During her 50 years as a Sister of St Joseph, Sr Chris Schwerdt has met people from all walks of life, most recently at St Catherine’s Aged Care as part of the pastoral care team.

One of 11 children, her inspiration to join the Josephites came as a child growing up in Hamley Bridge where she first encountered the Sisters at St Joseph’s Primary School.

Chris then attended secondary school at St Joseph’s at Aldgate. She remembers it as a discerning place, where there were ample opportunities to think about the path ahead. While some students realised that their calling was elsewhere, Chris says she felt called to the Sisters of St Joseph.

Although her family was initially surprised by her decision, she says they were also supportive. Her sceptical brother said, ‘I’ll give you four weeks’ but reassured her that if she wasn’t happy he’d come and get her.

“I believed that God was calling me to live my life as a Josephite Sister,” she says.

“Even as a child I felt that God was present in my life and calling me to be with people. With God’s help, I try to be really present to people. I feel God’s presence in others and this is so life­giving to me.”

Chris entered the novitiate in Sydney where she studied theology and explored religious life. She also trained as a teacher at the Catholic Teachers’ College and her first appointment was teaching at Mt Carmel, a parish school in Rosewater.

It wasn’t long before Chris was taken out of her comfort zone and headed north to Woomera to take on a teaching role initially, later becoming principal of St Joseph’s School. Chris recalls that it was a hot and dusty January day in the early 1970s when she and another Sister set out on the long journey and found themselves  stranded by the side of the road after their “old pink station wagon” broke down.

“There we were in white habits, so far from everywhere in what felt like the middle of nowhere, on a 40 degree day,” she says.

As luck would have it a truck driver stopped shortly after, changed the tyre and helped them on their way.

Chris remembers that upon arrival, she spied an old dog kennel, on which she sat down and cried.

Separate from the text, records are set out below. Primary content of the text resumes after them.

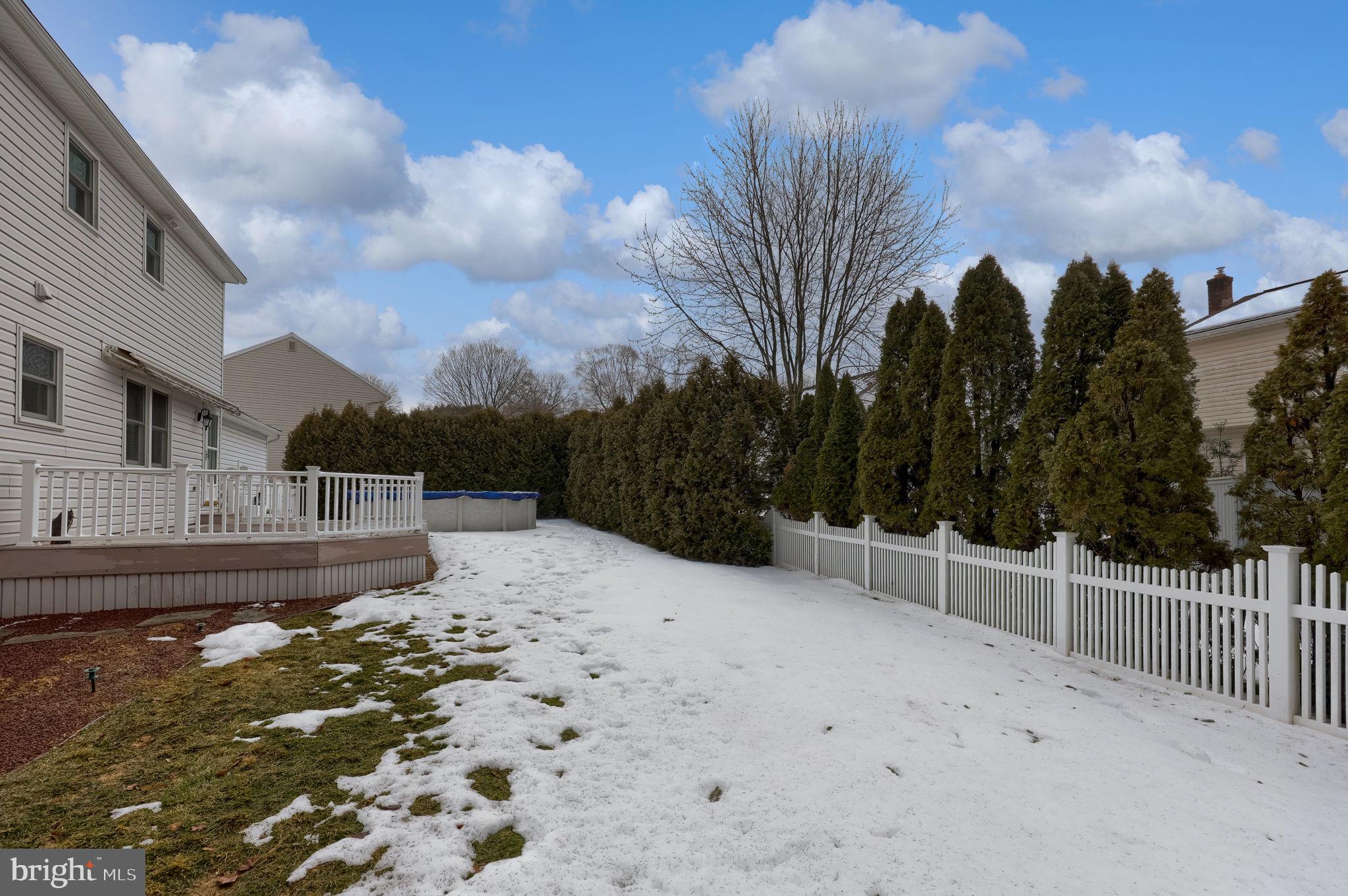 STONEWOOD FARMS - Residential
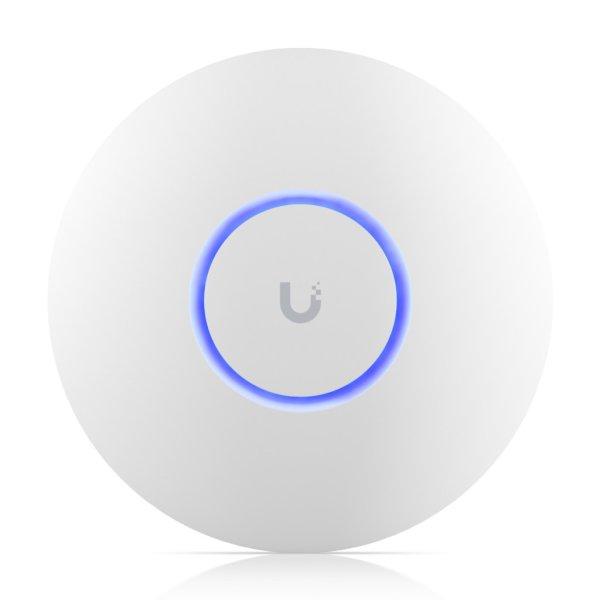 Ubiquiti UniFi 6+ (U6-PLUS) access point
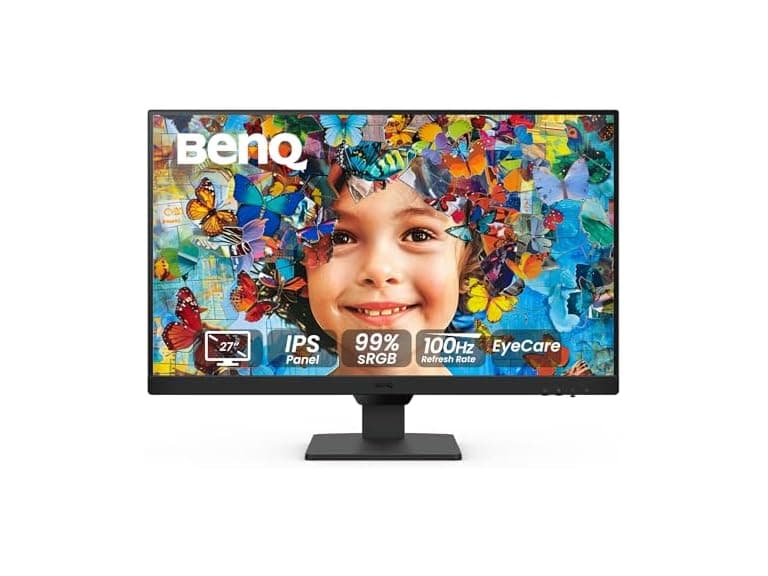 BenQ 27" FHD Monitor | GW2790 - Image 1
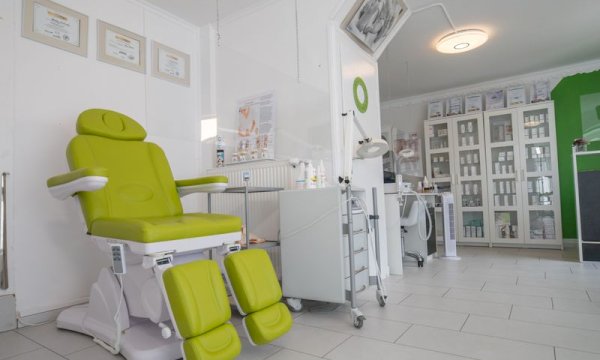 The Booking Plugin for clinics You Need Today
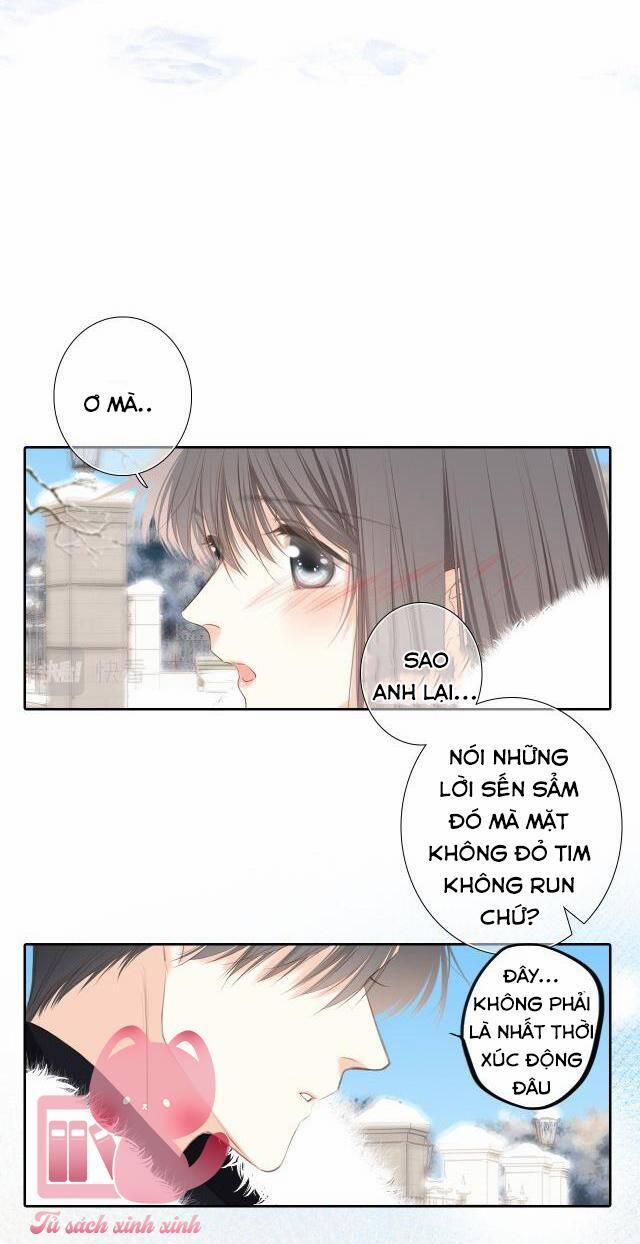 manhwax10.com - Truyện Manhwa Con Tim Rung Động Chương 178 Trang 94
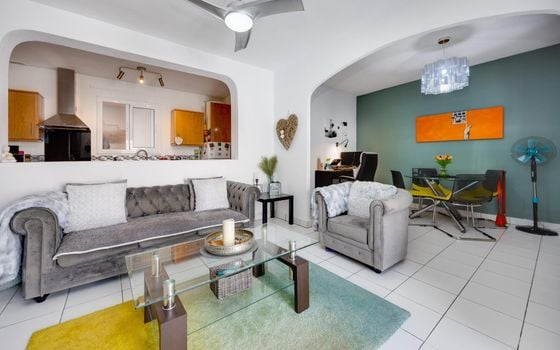 Bungalow de 2 chambres à Torrevieja - HRE150547 - Photo - Small - 9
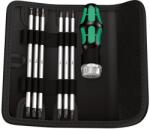Wera Vario Ratchet Csavarhúzó 7 Db 05073665001 (64950010)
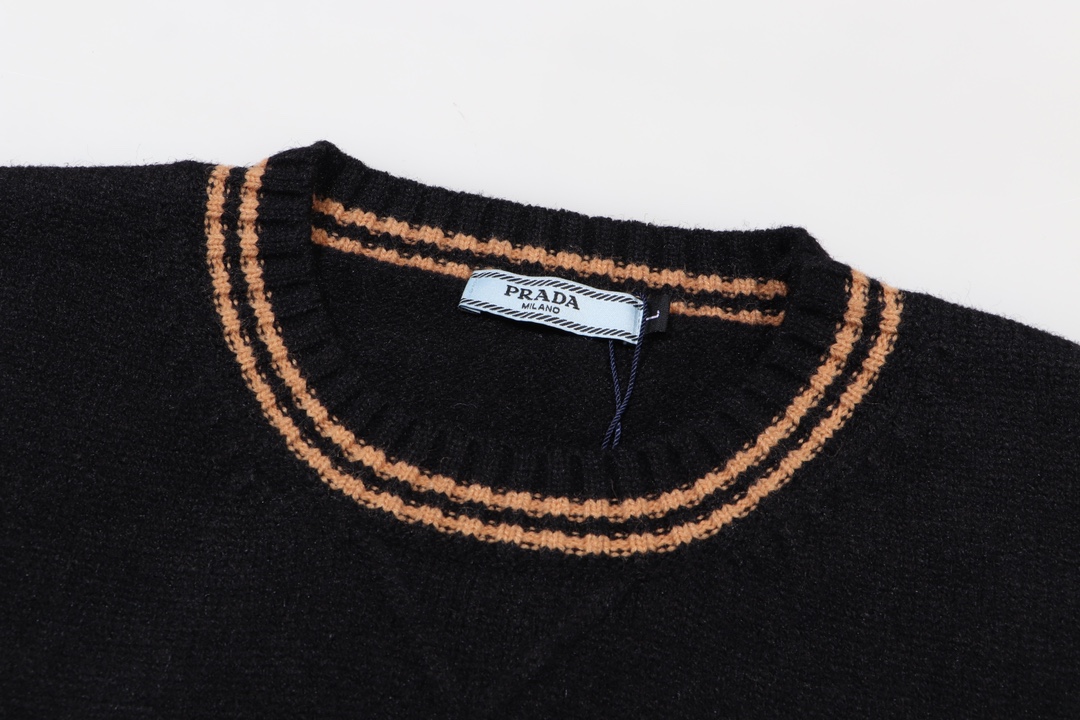【PRADA 公式旗艦店】プラダ セーター好評に付き再入荷！ 241031-BRAND OFF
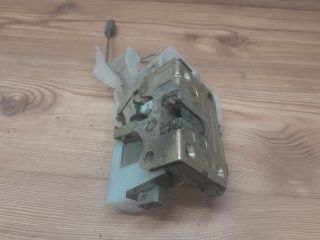 bontott RENAULT CLIO II Jobb első Ajtózár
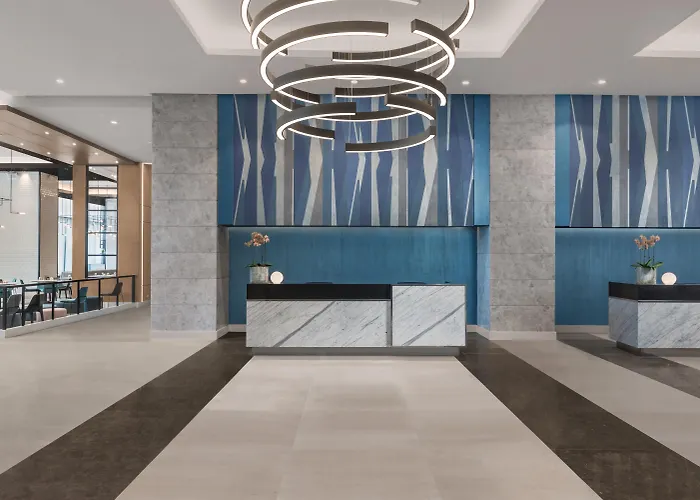 Citadines Bay City Manila Pasay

But it wasn’t long before she grew to love both the Outback and its people.

Six years later Chris moved on and continued various teaching roles in the State’s South East and Clare, focusing on special education before taking a sabbatical and a short stint in Melbourne where she worked with homeless and alcoholic men at the Corpus Christi Centre in Greenvale.

“The men I met there were such characters. It was very enjoyable and challenging work,” says Chris.

Returning to Adelaide she began working with homeless women at Catherine House where she met many women who had hit rock bottom.

“This work led me to appreciate the many factors which led these women to homelessness,” she says.

“I worked with some women who had been there in longer term accommodation, often suffering from mental illness due to trauma. There were often difficult times and sometimes all I could do was pray for a situation to resolve itself or that these women could find a small glimmer of hope.”